In bad faith claims, the Florida Court of Appeals scores one for the insurer, one against


Remember the George Costanza thing in ‘Seinfeld’, the ’90s TV sitcom? When he couldn’t (or didn’t want to) pay rent or other expenses, he conveniently “forgot” to sign the check, saving him a little more time.

In a South Florida benefit assignment case that turned into a bad faith claim, a catering company argued that the insurer used a similar tactic when it wrote the check to both the construction company and the policyholder.

In Expert Inspections vs. United Property and Casualty, the dissenting opinion of a Florida’s 4 judgee The District Court of Appeal pointed out that the insurer also sent the check to the wrong address.

Judge Forst

“While neither party disputes that the insurer ultimately sent a check in the amount of $ 1,995.00, the insurer sent this payment to the wrong party,” Judge Alan Forst wrote in his dissent in the January 5 decision. “Under Florida law, the assignee could not endorse the check sent by the insurer without the signature of the assignee and the insured. “

Nonetheless, the majority of the court’s three-judge panel sided with United, affirming the trial court’s ruling that the insurer followed the wording of the policy and did not owe the lawyer’s fees. plaintiff in the case.

“it was not unreasonable for the insurance company to make the check payable to both the insured and the assignee, especially since the AOB agreement did not assign all of the insured’s interests in the insurance policy to the assignee “, Judge Edward Artau wrote for the majority.

Some insurance attorneys have said that this type of case illustrates the overly contentious Florida environment, in which some catering companies and their attorneys are too quick to bring bad faith claims, for small amounts and even when a claim is made. claim has been paid. For many claims, insurers have less than two weeks to respond or inspect the property, which often isn’t enough to make a clear decision. Yet plaintiffs’ attorneys often use this as a trigger for bad faith claims – simply to get fees, insurance companies have complained.

Nevins

“The law as it stands now benefits lawyers at the expense of consumers in Florida,” said Julie Nevins, who handles bad faith cases for Miami law firm Strook.

The United Property dispute stems from water damage from Hurricane Irma in 2017. The owner awarded benefits to Expert, a mold remediation company. The company, also known as MoldExpert.com, performed the repairs and submitted an invoice to United, along with a copy of the AOB agreement.

United apparently did not pay the bill immediately. But three months later, after a second email from the restaurant company, the insurer wrote the check for $ 1,995, the court said. A year later, Expert Inspection sued United for breach of contract, arguing that the AOB agreement ordered the insurer to pay the assignee, not the insured and not both parties.
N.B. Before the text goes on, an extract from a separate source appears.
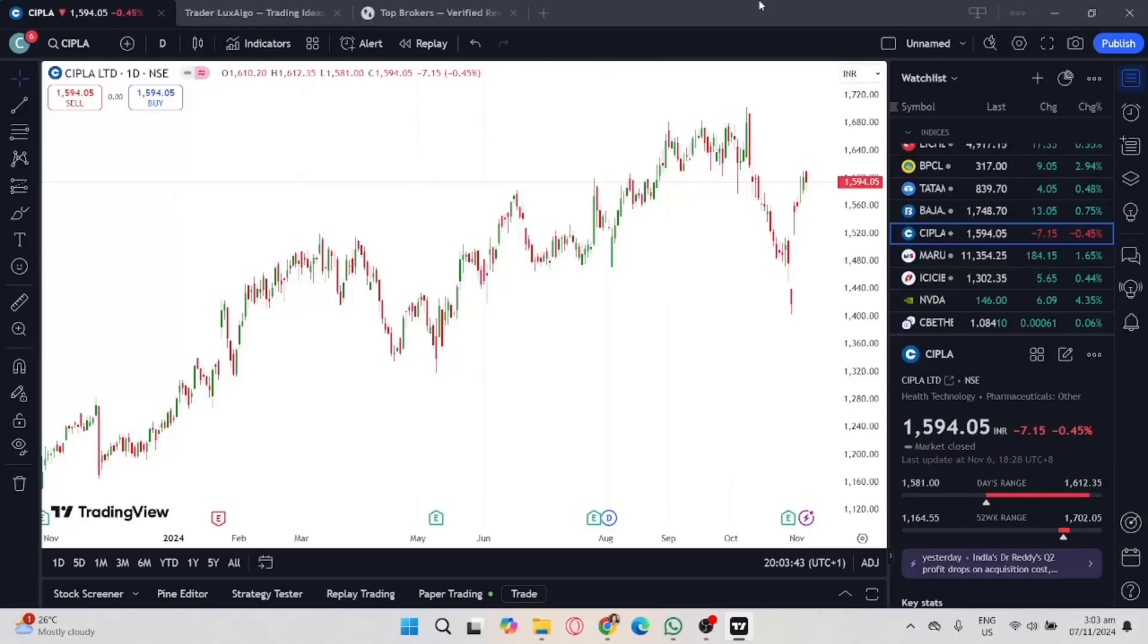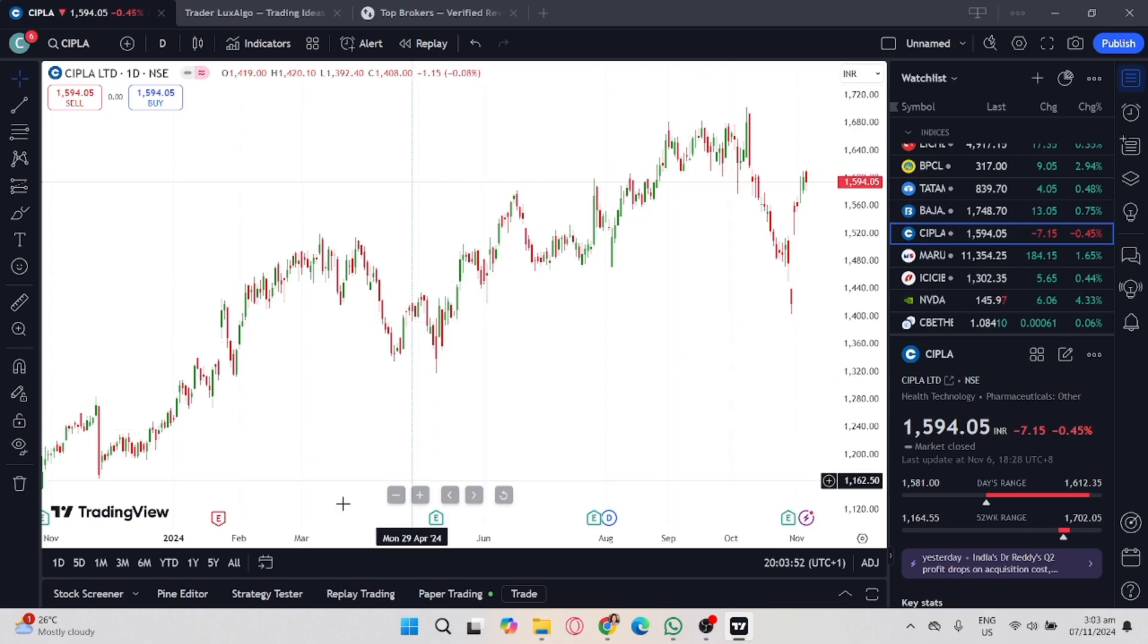If you want to start using TradingView, you should click on the link in the description to create an account and get 15% off when upgrading. In this video, I'm going to show you how to change broker on TradingView.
United then asked the Broward County Court clerk to deposit the check and told the catering company they would reissue the check to Expert if the company dropped its lawsuit. United also argued that Expert was not entitled to attorney fees because the firm had never been forced to take legal action and never informed the insurer of any disagreements. before bringing an action for breach of contract.

The circuit court issued a summary judgment in favor of United, noting that the check had been mailed long before the complaint was filed. The majority of the appeal court panel agreed.

“The assignee alleges a breach of the insurance contract because the insurer did not follow the instructions listed in the AOB agreement,” noted the majority. “However, the insurer cannot violate an unrelated agreement.”

An AOB agreement may give the assignee the right to apply an insurance policy, but it does not give the contractor the right to enforce terms of the agreement that are extraneous to the policy, the court said. The majority also concluded that the Uniform Commercial Code, which generally provides that debtors cannot meet their obligations by paying the assignor, does not apply to insurance claims.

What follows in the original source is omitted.